Located where ancient Thebes once stood, also known as the “City of a Thousand Gates”. Luxor, which in Arabic means “The Palaces”, reflects its rich array of magnificent temples and tombs.


In an unforgettable excursion, visitors drive to the Luxor Temple, built by two kings, Amenophis III and Ramses II. After touring the temple, visitors travel along an avenue of ram-headed sphinxes, extending for about 2 miles, which link the Luxor Temple with the Karnak Temple, the main center of worship in ancient Egypt. No site in the world makes a more overwhelming and lasting impression than this “Temple of all Temples”.

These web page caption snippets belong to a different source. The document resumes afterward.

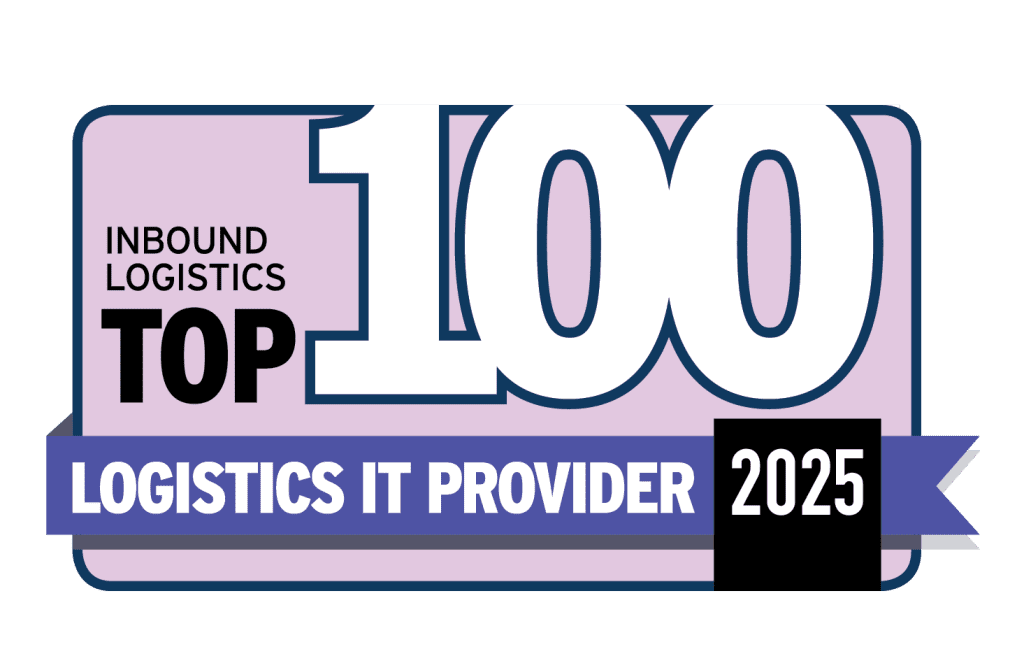 Top 100 Logistics IT Provider 2025" badge from Inbound Logistics, showcasing bold text and a ribbon design.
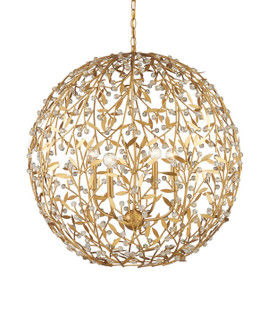 Secret Garden Four Light Chandelier in Clear/Contemporary Gold Leaf/Contemporary Gold (142|90001289)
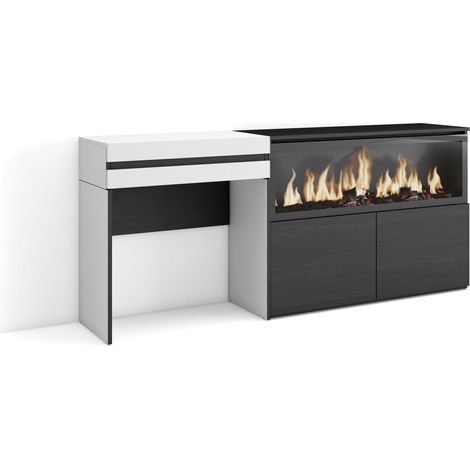 Skraut Home - Coiffeuse, Table maquillage, rangement, 177x75x35 cm, Avec tiroir, Cheminée électrique XXL, Style moderne, Blanc (1/5)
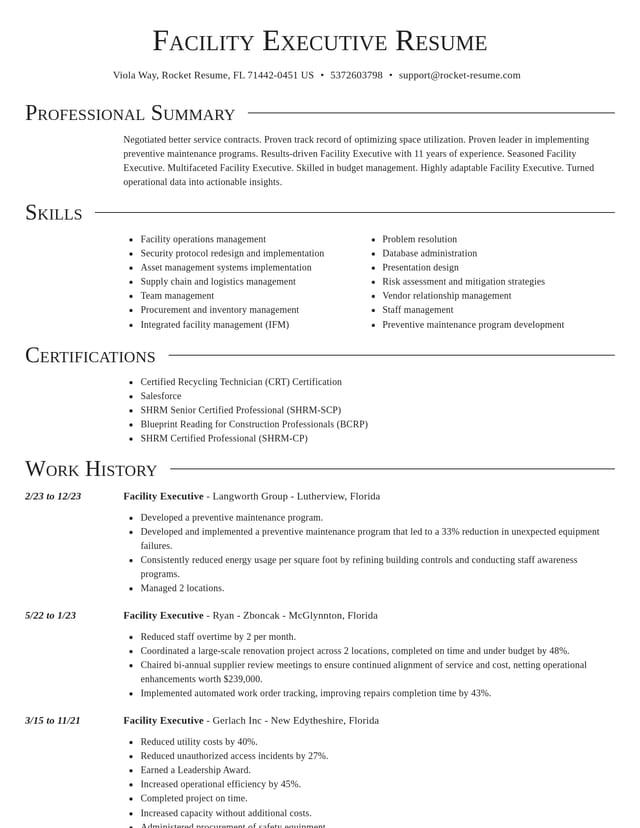 Director resume template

For a tour of the West bank, visitors cross the Nile from Luxor by bus over a bridge. There, they visit the Valley of the Kings, which includes the tombs of the Theban rulers, Seti I, Ramses IV and Tutankhamun. Next, they tour the mortuary temple of Hatshepsut, the only female pharaoh to reign over ancient Egypt. Her temple, with impressive architecture, is traditionally associated with the goddess of love and joy, Hathor. It was formerly surrounded by tropical gardens with plants imported from Somaliland. Finally, visitors tour the famous Colossi of Memnon, which once guarded the entrance to te mortuary temple of Amenophis III. The temple was destroyed by an earthquake but the colossi still remain.


Hathor, the ancient Egyptians goddess of love and joy was what Aphrodite was to the Greeks and Venus to the Romans. It was at Dendera, some 30 miles north of Luxor, that the Egyptians worshipped Hathor in a temple which is exceptionally well preserved.


Abydos occupies an important place in the religious history of Pharoanic Egypt. By the end of the Old Kingdom, its local god, Osiris, was the most famous and popular of the Egyptian gods, since he was considered the god of the afterlife, according to popular tradition. Osiris’s head was buried in Abydos.